Google Upgrades Voice Access to Detect Unlabeled Android Icons
Google has upgraded the Voice Access app for Android to spot and control icons on the screen, even if they aren’t properly labeled. The improved AI gives Android users a more powerful tool for operating devices using their voice and makes them more accessible to people with visual or mobility impairments.
Voice Access provides hands-free control of Android devices, but it can only control what the software is able to identify. Accessibility labels in the software code can identify interactive icons and images for the AI, but it’s not uncommon for those labels to be missing. Voice Access couldn’t tell that an icon on a smartphone is an app it should tap open when asked without that label. Voice Access now skips the need for accessibility labels by applying its new IconNet model to “look” at the pixels in a screenshot. IconNet used advanced machine learning techniques and trained on more than 700,000 app screenshots labeled by the engineering team. Now, Voice Access relies on the model to match icons on the screen with its database, internally defining the buttons on the screen as though they had accessibility labels and interacting with them upon request.
“Addressing this challenge requires a system that can automatically detect icons using only the pixel values displayed on the screen, regardless of whether icons have been given suitable accessibility labels,” Google Research software engineers Gilles Baechler and Srinivas Sunkara explained in a blog post. “IconNet can detect 31 different icon types (to be extended to more than 70 types soon) based on UI screenshots alone. IconNet is optimized to run on-device for mobile environments, with a compact size and fast inference time to enable a seamless user experience.”
Voice Access debuted in beta nearly five years ago. The new iteration continues Google’s refinements to the app and its service, making Android smartphones and other devices usable by people who may have difficulty seeing the screen or using the touch-based system. Google reinvigorated Voice Access last year by adding natural language processing, instead of requiring a specific and limited set of commands and by making it compatible with older Android devices. The beta for Android 11 is also when Google first mentioned adding a ‘visual cortex’ to Voice Access that would improve how the AI labeled and interacted with on-screen visual elements. IconNet appears to be the culmination of that concept.

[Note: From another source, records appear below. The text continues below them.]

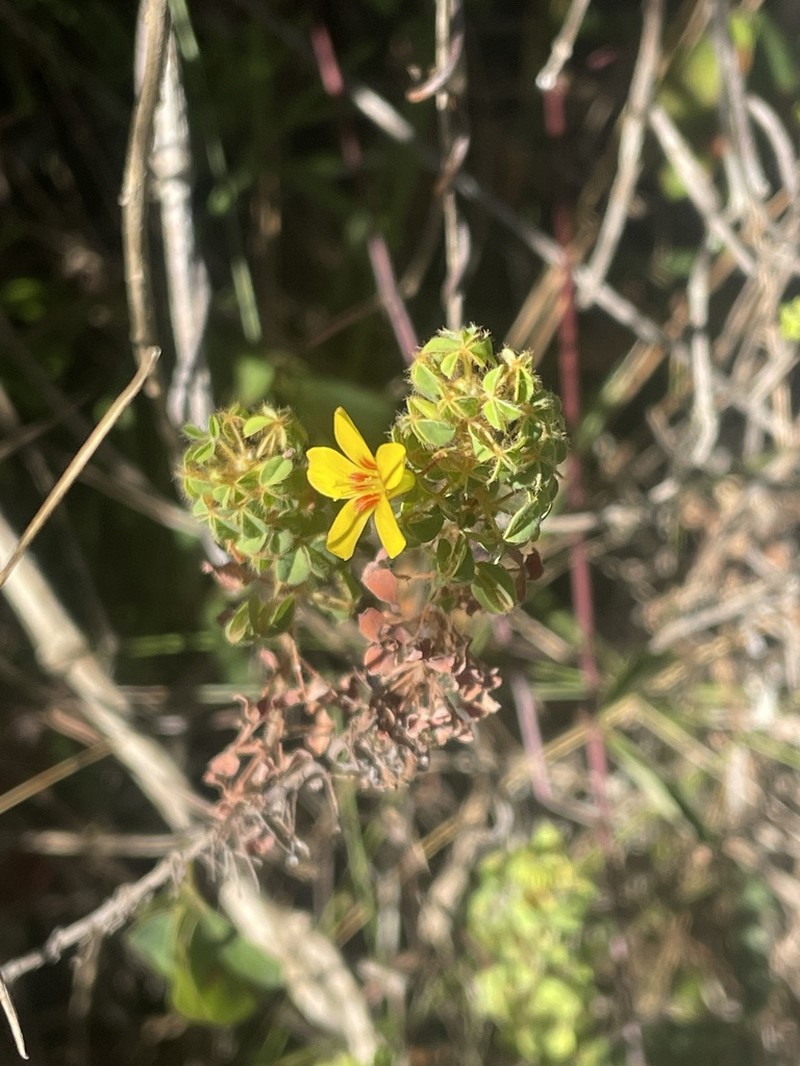 Oxalis confertissima photo 8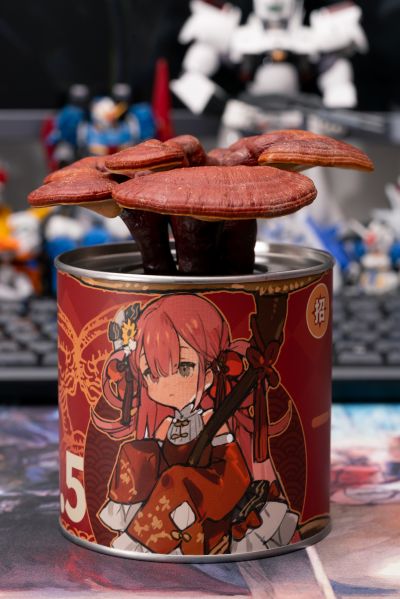 菇娘如意灵芝 特典随拍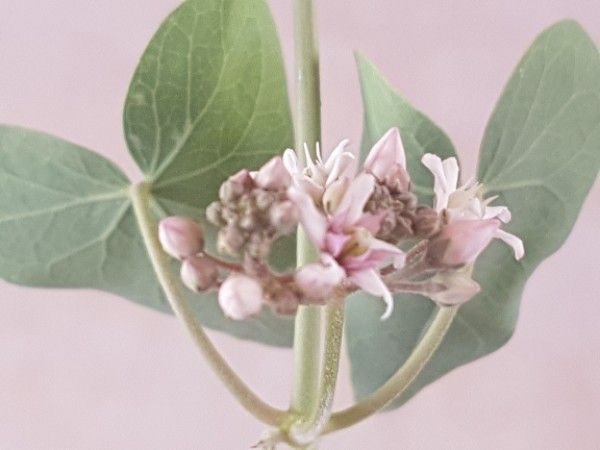 Polygonum convolvulus other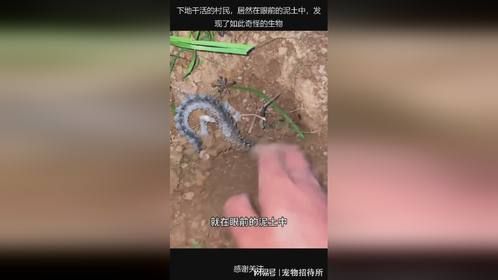 下地干活的村民，居然在眼前的泥土中，发现了如此奇怪的生物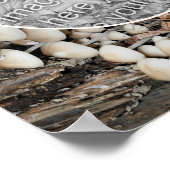 Poster Champignons sauvages blancs Nature Créez votre pro (Coin)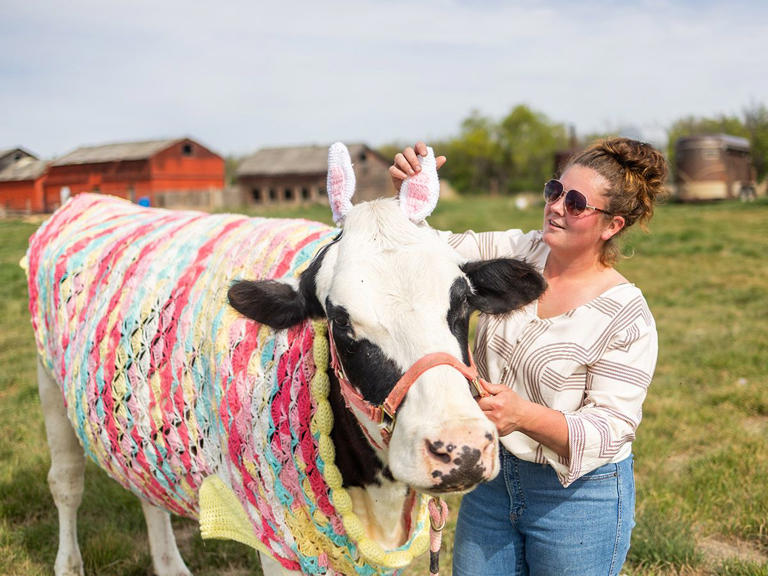 Calgary Marathon, cow sweaters and Calgary Stampeders Fan Fest: What ...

Voice Access is part of Google’s larger accessibility program for Android. The tech giant has been rolling out several new and improved features in that vein, including Android Action Blocks, which combine Google Assistant commands into a single button on the home screen, and Sound Notifications, a feature alerting people who can’t hear critical noises like alarms or crying babies when those events occur. This year also brought eye-tracking controls to Google Assistant, an expanded Lookout feature that can read food labels for Android, and voice cues for Google Maps to guide people with limited sight.